My mood’s been reasonably okay, a few tetchy moments, but I’m putting that down to the fact that I’ve been up since 4am when my daughter decided it was a great time to wake up and not go back to sleep! Managed to stay in bed until just after 5am, then gave up and got her up. She went back down about 7.30am, for an hour or so, then again at 12.30ish, for nearly 2 hours. She then went down tonight before 8pm, result we thought! But an hour later she was absolutely inconsolable after another episode of what we’re beginning to think are night terrors. At first we thought it was just a bad dream, but on further investigation, it does sound more likely to be terrors. 😦 I hate when my baby is so upset, and nothing me nor her daddy does, calms her down. She cries so hard she can barely breathe, and screams too. She’s okay now thankfully, just watching some calming stuff on baby tv. Hopefully she’ll sleep better tonight and not wake so early!!
She is teething at the moment though, so I feel that has a lot to do with her disrupted sleeping of late. Poor little lady 😦 really feel for her, toothache is the worst.
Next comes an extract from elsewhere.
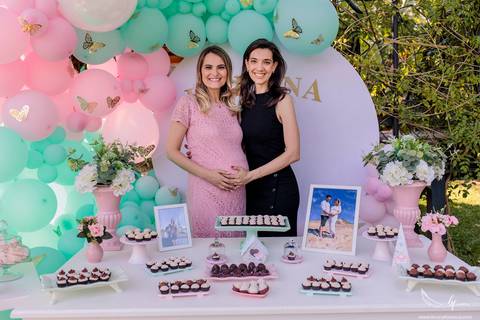 Ensaio Gestante; Mãe de Menina; Fotografia gestante; Fotografia gestante São Leopoldo; Fotografia gestante; Fotografia de família; São Leopoldo; Fotografia com animais; Ensaio de família; Gravidez;'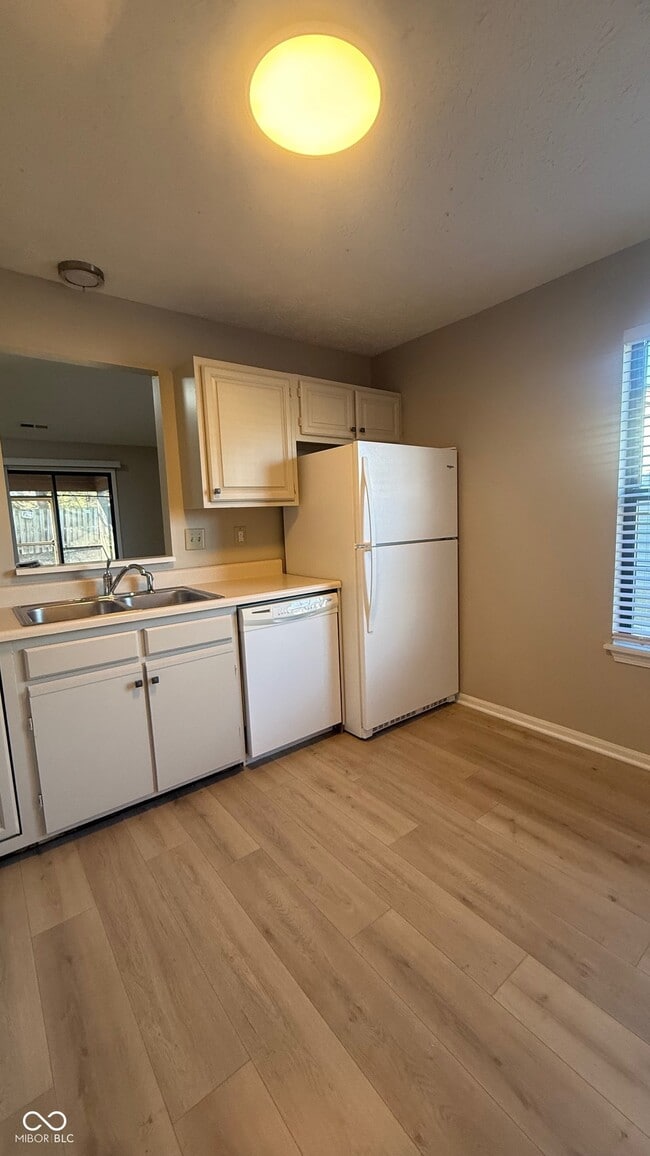 Building Photo - 14610 Village Park E Dr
I’m not sure what my plans are for tomorrow as yet; I had thought about going out, but part of me is reluctant to for some reason. I don’t know why, guess it’s anxiety related. Will see how I feel in the morning I suppose. Not sure where I’ll go, just into town perhaps. If the weathers nice I might walk it…. to be quite honest I need the exercise badly. Am so overweight, and the dress I bought for my daughters Christening doesn’t do up ^cringe^. I feel awful about my size, am just a fat frump. I want to be a yummy mummy! Who am I kidding?! That’ll never happen….!
Anyway, am going to crack on with some more of my assessment whilst I’ve got the opportunity! So, TTFN.